Source data: Begin

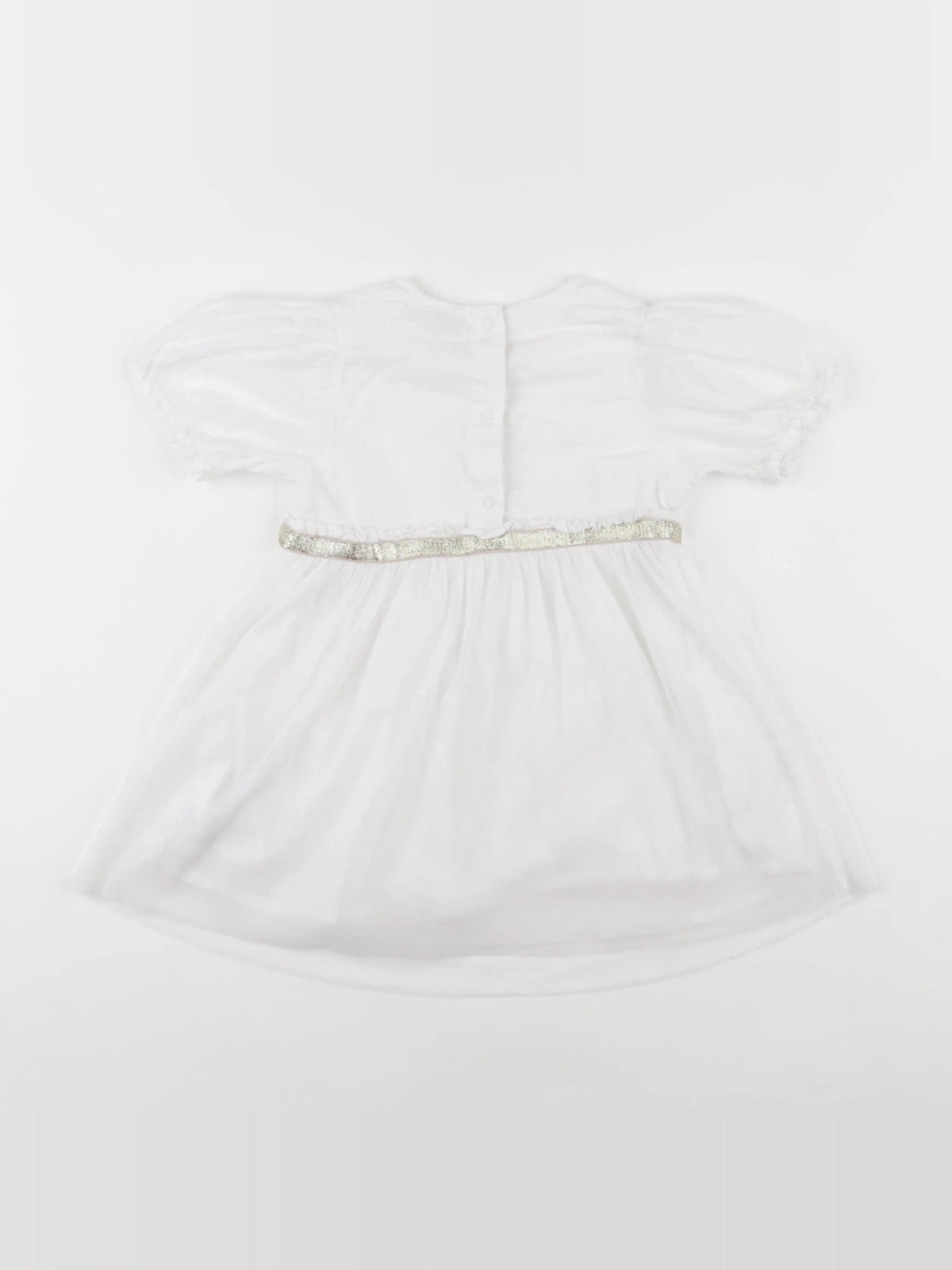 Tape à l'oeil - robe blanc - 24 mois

Source data: End
Source data: Begin

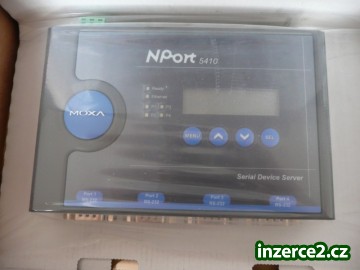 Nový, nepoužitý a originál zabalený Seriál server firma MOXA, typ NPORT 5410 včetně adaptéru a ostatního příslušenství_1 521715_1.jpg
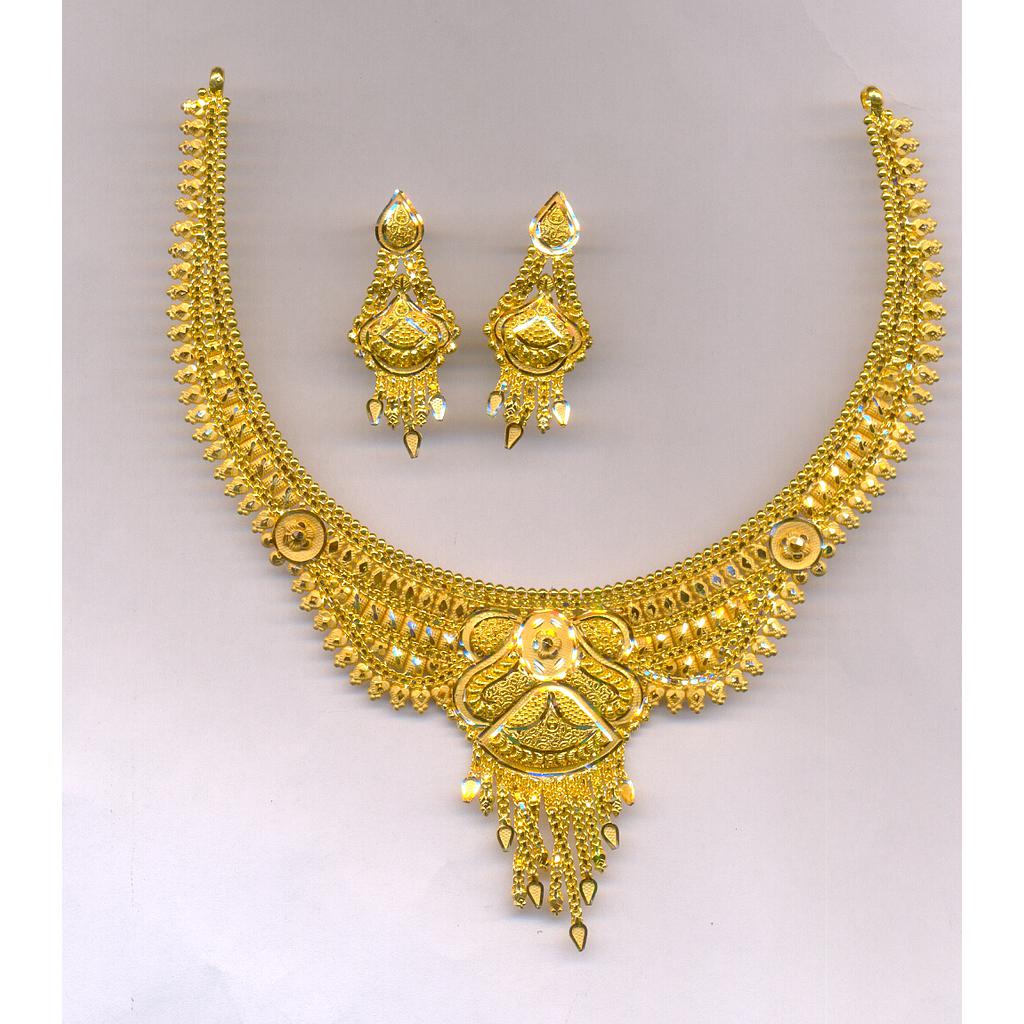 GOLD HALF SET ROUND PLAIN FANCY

Source data: End
Source data: Begin

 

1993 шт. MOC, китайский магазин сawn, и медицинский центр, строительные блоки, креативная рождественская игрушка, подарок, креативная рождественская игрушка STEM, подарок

Source data: End

= Prompt =
Within the data above, repeat exactly the lines from the one bearing "Nový, nepoužitý a" through the one bearing "GOLD HALF SET ROUND PLAIN FANCY". Include no pictures and nothing else.

= Response below =
 Nový, nepoužitý a originál zabalený Seriál server firma MOXA, typ NPORT 5410 včetně adaptéru a ostatního příslušenství_1 521715_1.jpg
 GOLD HALF SET ROUND PLAIN FANCY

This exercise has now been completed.